Japanese Vision for Growth Gets a Poke in the Eye

For four decades the Japanese economy secured more than its fair share of coverage in the financial press. Dominating the economic headlines were the manufacturing and export expansion of the 60’s and 70’s and the phenomenal market rally that took the Nikkei to almost 40,000 during the 80’s. Thereafter commentators focused on the lost decade of the 90’s caused by the property market crash, bank balance sheet shrinkage and the death of Japanese equity wealth by a thousand cuts.

This decade has seen the rise of China’s economic profile, with the PRC now destined to replace Japan as the world’s second largest economy. Such is the dominance of Chinese related articles it’s easy to forget Japan is still an economic goliath, albeit in relative decline. And the cause of that decline can be summed up in one word; deflation.

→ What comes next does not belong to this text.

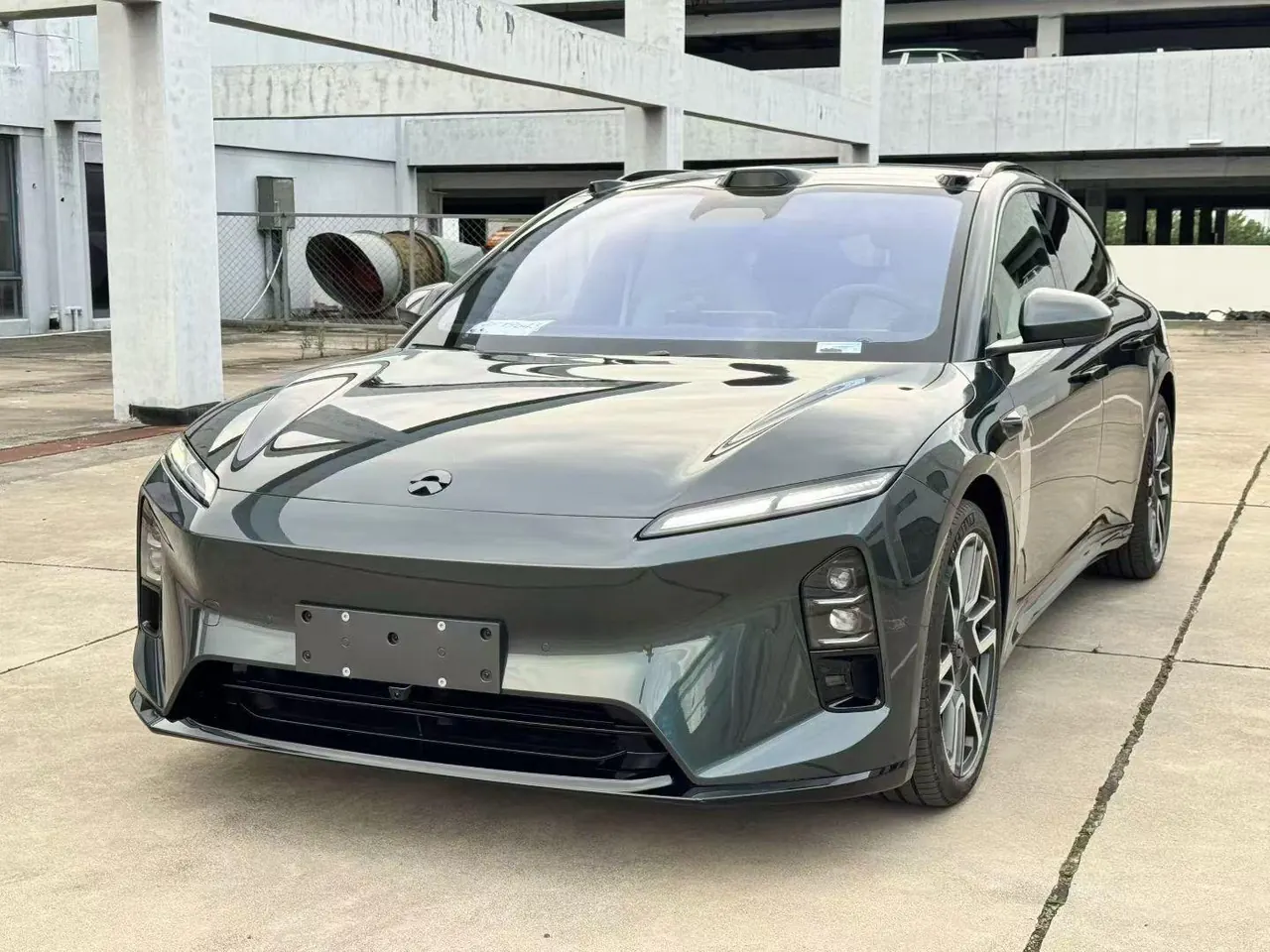 Open image lightbox: NIO 2026 ET5T Natural Wonderland Edition 100kWh Touring Automatic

There’s something deeply embedded in the Japanese economy and psyche of Japanese businesses and consumers that has caused deflation to be a secular and persistent challenge for the Bank of Japan for the past 20 years. The problem with deflation is that it maintains the real value and burden of debt, whereas a healthy rate of inflation, 2-3%, over the years gently erodes the real economic cost of borrowed capital. It is inflation that has given the western economies the luxury of consuming more in the present, with debt in nominal terms eroded by the passage of time. Deflation throws another spanner in the works of economic growth. Why buy a new car, or new machinery, in fact why buy anything today that will be cheaper in a few months? The result is structurally weak demand, an interest rate so low it’s barely visible to the naked eye and a flight of capital to higher yielding currencies (the New Zealand and Australian dollars have been a favoured destination for retail and institutional investors for years). Deflation is a nasty poke in the eye for demand, capital investment and growth.

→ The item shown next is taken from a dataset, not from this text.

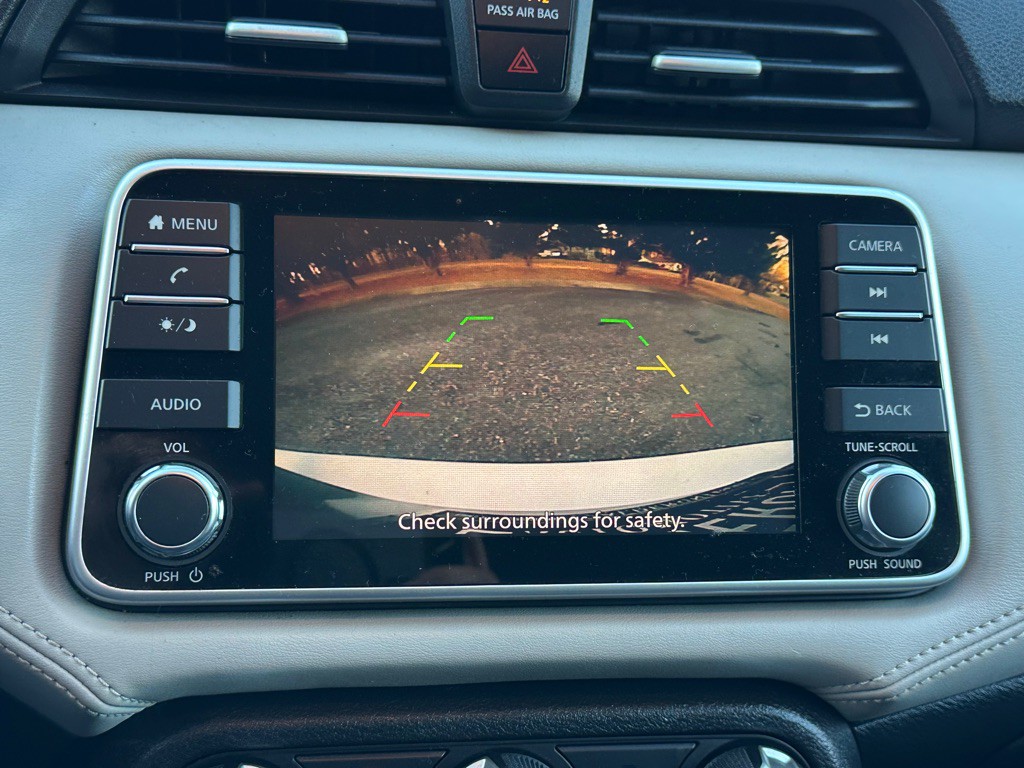 2020 Nissan Versa Image 5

In fact Japanese interest rates have been so low for so long, the Yen has been systematically sold (shorted) not just by Japanese investors but by a legion of hedge fund managers for years with the proceeds placed just about anywhere that offered a higher return. Admittedly that carry-trade, along with most risk embracing investment strategies, grew to bubble proportions and burst in 2008 but with investors embracing risk again, greed replacing fear, that transaction (short Yen, long anything else that moves) is likely to re-surface.

Investors unsure about the viability of continued Japanese deflation, preferring to focus on the unprecedented global stimulus measures, that should be inflationary, should look closely at the latest Japanese consumer prices data. Prices fell 1.7% in the year to June, prolonging the sequence of deflationary months (year-on-year) to four in row. The main contributor to the decline in prices is energy, with oil settling into $60-$70 channel compared to last years roller-coaster ride to $147.

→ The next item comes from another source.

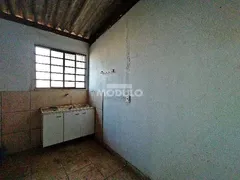 Loja / Salão / Ponto Comercial para alugar, 160m² no Presidente Roosevelt, Uberlândia - Foto 5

Investors could suggest that the global economic recovery could re-inflate energy and commodity prices, prompting inflation and thus curing the Japanese “I’ll buy it later when it’s cheaper” philosophy. Unfortunately, higher energy costs are paramount to poking the Japanese economy in the other eye. Japanese energy imports can peak to 97% of its oil and 96% of its gas needs. Japan is similarly deficient in other key energy and mineral related commodities. Higher energy and commodity prices just leave Japanese consumers with less to spend on domestic goods, further hurting demand.